GoROWE Blog | CultureRx

Judgment in the Workplace Lowers Autonomy and Divides the Workforce

Written by Jody Thompson | May 9, 2022 2:13:25 PM

A missed deadline. The full scope of a request was not fulfilled. The customer or client did not receive the deliverable.

Wow! Those are some harsh judgments.

The reality is they are not judgments. Those are performance issues.

“Nice of you to show up.”
“I can’t believe he gets to leave early every day.”
“Any time she needs off for her kid, she gets it. I wish I had a kid.”

Those are judgments. They are toxic comments directed at how someone is spending their time. They are not about the work. They are not forms of performance management. In fact, they are examples of SLUDGE.

This form of corrosive communication places the focus on the person - not the work. It normalizes judging how others spend their time instead of getting clear about what is needed and when is it needed in order to serve the customer or client. It lowers autonomy. It shames. It divides a workforce.

A true head-scratcher (or face to the wall) is that people’s use of time still gets judged even when they are high performers.

“You’re delivering on spec, on time, and on budget! But… you did come in late two days last week. We start at 9 a. m. around here.”

WHAT!?!?!?!?!?

In that scenario, employees become demotivated. Disengaged. Resentful. The focus is on someone’s use of time rather than the quality of the result. Once again, it lowers autonomy. Here’s the scoop, organizations do not own an employee’s time. Organizations own an employee’s results.

 

The Autonomy Guide Every Bold Leader Needs

For organizations to succeed, leaders must create a culture of equity + autonomy.

 

When judgment of how people spend their time is tolerated, morale suffers. However, you probably won’t be surprised to discover that outcomes are also adversely affected. When people are acting like clock watchers, hall monitors, and excuse examiners, the focus is not on… wait for it…

THE WORK!

This deepens the separation between the culture and trust, autonomy, clarity, accountability… measurable results.

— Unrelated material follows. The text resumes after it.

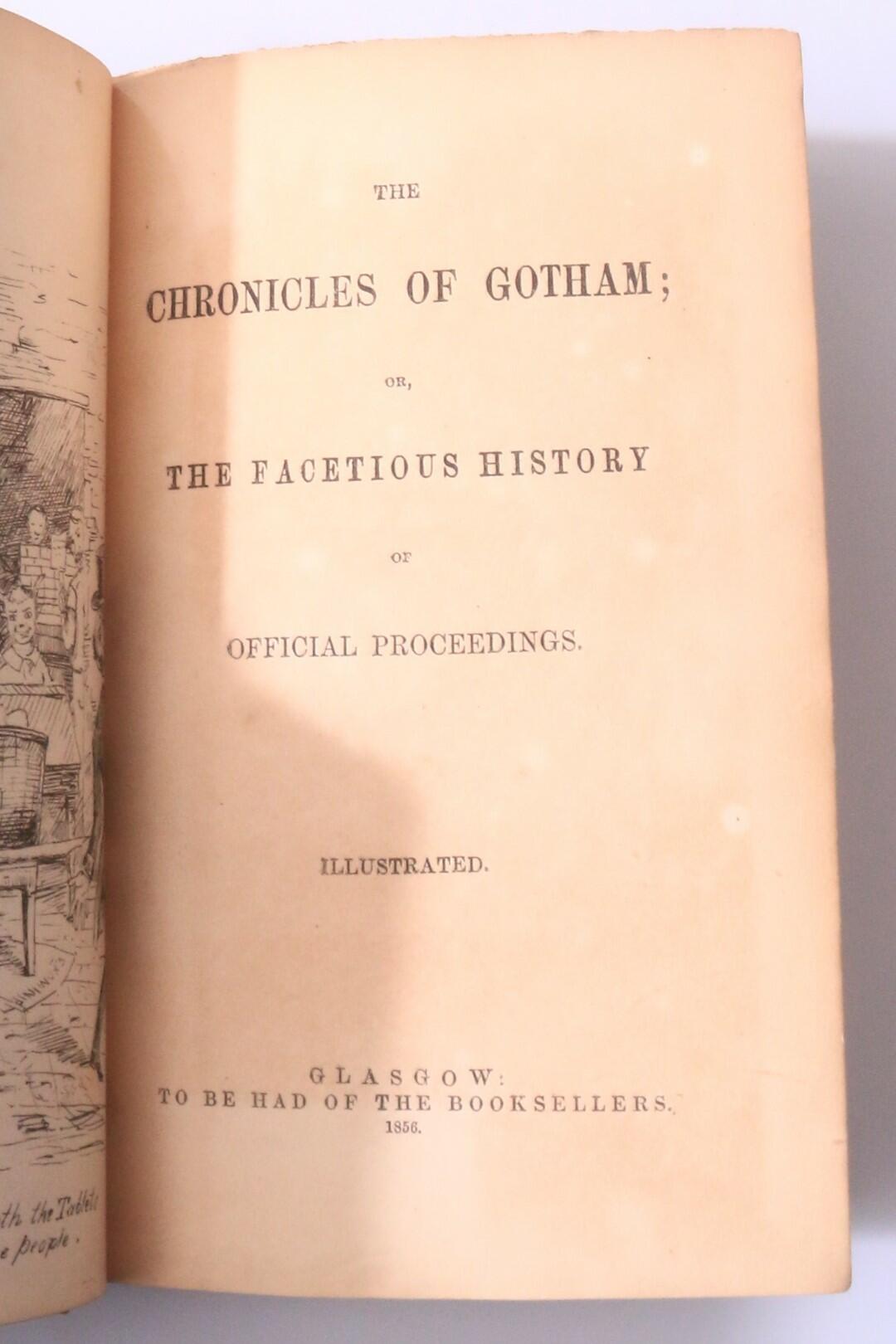 Anonymous [John Smith] - Chronicles of Gotham, or, The Facetious History of Official Proceedings - No Publisher, 1856, First Edition.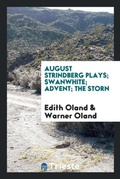 Cover: August Strindberg Plays; Swanwhite; Advent; The Storn - Trieste Publishing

Trusting people to live their lives, which includes work, liberates them to have more control over mastery, focus, time management, and what’s important at any given moment. It also strengthens alignment between their role’s purpose and connection to delivering success for the organization.

How someone spends their time is nobody’s business. The results a person is tasked with delivering are everyone’s business. Forced fun or a mandatory meeting in the break room or a Zoom room are beliefs motivated by a judgment. People, when trusted, communicate and collaborate when needed. People negotiate and focus on results. It’s done objectively and with the customer or client at the center of it all. Judging how people spend their time is not trust nor does it have anything to do with accountability.

Where there is judgment, there is no trust.